With the images removed, write out every line below exactly.

# Collected data:
╭──
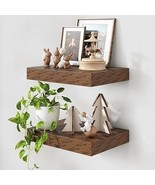 Deep Floating Shelves for Wall | 16 Inch Wide x 12 Inch Deep Floating Sh... - $1,419.63 MXN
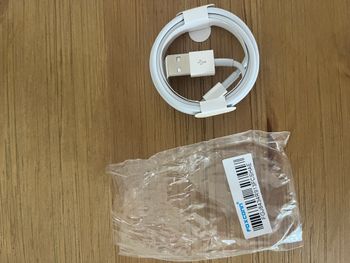 Cable Foxconn lightning vers Usb - NEUF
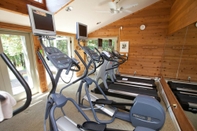 Fitness Center Alila Ventana Big Sur - Adults Only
╰──
# Expected output:
 Deep Floating Shelves for Wall | 16 Inch Wide x 12 Inch Deep Floating Sh... - $1,419.63 MXN
 Cable Foxconn lightning vers Usb - NEUF
 Fitness Center Alila Ventana Big Sur - Adults Only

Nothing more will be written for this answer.